Is it possible to read only a portion of a file into memory, without starting at the beginning?

Thanks, Allasso
Posted on 2011-01-01 11:47:31 by Allasso
Yeah... open the file and "lseek" to the desired offset, then read it. "lseek" takes three parameters - the file descriptor (obtained from "open"), the offset, and an integer "whence": from the start of file, from the current position in the file, and from the end of file (offset can be negative). It returns the new offset - can be used (lseek to an offset of zero from the end of the file) to find the file length. Also look into "llseek" for larger files, and "mmap" (mmap2).

Best,
Frank

Posted on 2011-01-01 15:45:22 by fbkotler
ah, yes, of course  :-)

thanks muchly.

Allasso
Posted on 2011-01-01 17:09:05 by Allasso
Is it slower to read a file from and offset? (not from beginning)  I thought I read that, but I am not sure if I am interpreting it correctly.
Posted on 2011-01-01 19:32:10 by Allasso
Probably - the "lseek" must take some time. Further, we can only read (physically... from a disk file) a whole sector at a time. Experiment with it! My observation has been that the "first" read (after a reboot, say, or reading another large file) is much slower than a subsequent read from the same (or "nearby"?) file. I suspect OS buffering policy comes into it. If you're using libC, the "buffered I/O" functions "fopen()", "fread()", etc. are much faster. We can provide our own buffering, of course.

As a silly example, s'pose we wanted to find the first letter 'x' in a file. Opening the file and reading it one byte at a time (with either int 80h or calling "read()") would be very slow. Reading a buffer-full and searching the buffer would be much faster. If we wanted the first 'x' after the first 100 bytes, simply skipping the first 100 bytes of the first buffer-full would probably be okay. If we wanted the first 'x' after the first megabyte, the lseek might be worthwhile.
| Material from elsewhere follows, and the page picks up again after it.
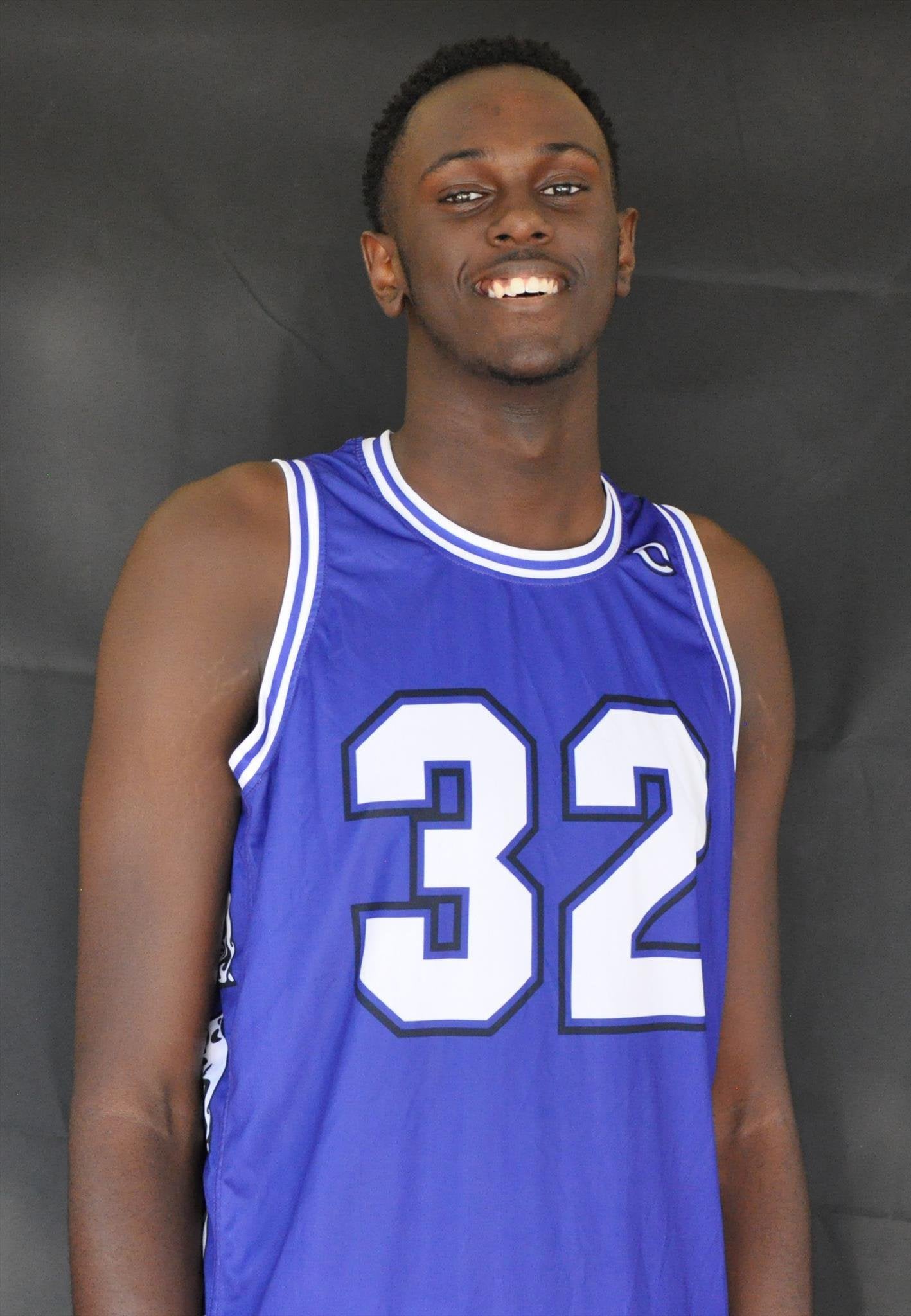 Lee'Andre Howard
I suspect mmap would be the biggest win.

The "best" (fastest?) way probably depends on exactly what you're doing. Do you have something in particular in mind?

Best,
Frank

Posted on 2011-01-01 21:48:38 by fbkotler
Hi, Frank,

I hadn't considered the sector thing.  Regarding what you said about subsequent reads being faster, I think that you are correct about the OS buffering.  I am only starting to learn about this subject, but I think that (modern) OS's that use virtual memory and paging, map what is already in memory, so once the file is already in memory, on subsequent reads, the program can work on what is already there.  Then there is caching, which, it being likely that the same file (or portion of it) is in the cache, is faster yet.
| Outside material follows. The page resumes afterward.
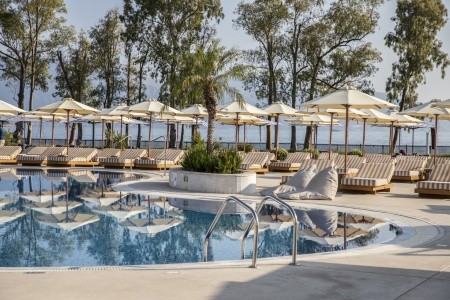 Kerkyra Blue Hotel N’ Spa By Louis Hotels - 91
The scenario I am dealing with presently is this:  I am playing around with creating an algorithm to index and search a (flat file) database.  In the search routine, the first operation is to extract from a search term, the address to an entry on a table which will provide the pointer to the appropriate bucket to search in the index, which is in another file. (didja get all that?)  The entries on the table start at the beginning of the file, and each entry is 8 bytes long.  The table can be as long as 8kB.  It makes more sense to me to just read in the 8 bytes that I am interested in, rather than 8kb.  There is also another operation similar to this that follows, and the file in that case could possibly be a 1 - 2 hundred kB, depending on the vocabulary of the database.

Now it may be possible that it would be better to determine an optimum range of addresses, determine which range the desired address falls into, and load that entire segment.  This range could be dependent on the sector size, as you say, or the page size of the OS.  It would seem, however, that using a hardware parameter such as the sector size/range would be meaningless.  It seems that is the territory of the OS.  But I really don't know on this.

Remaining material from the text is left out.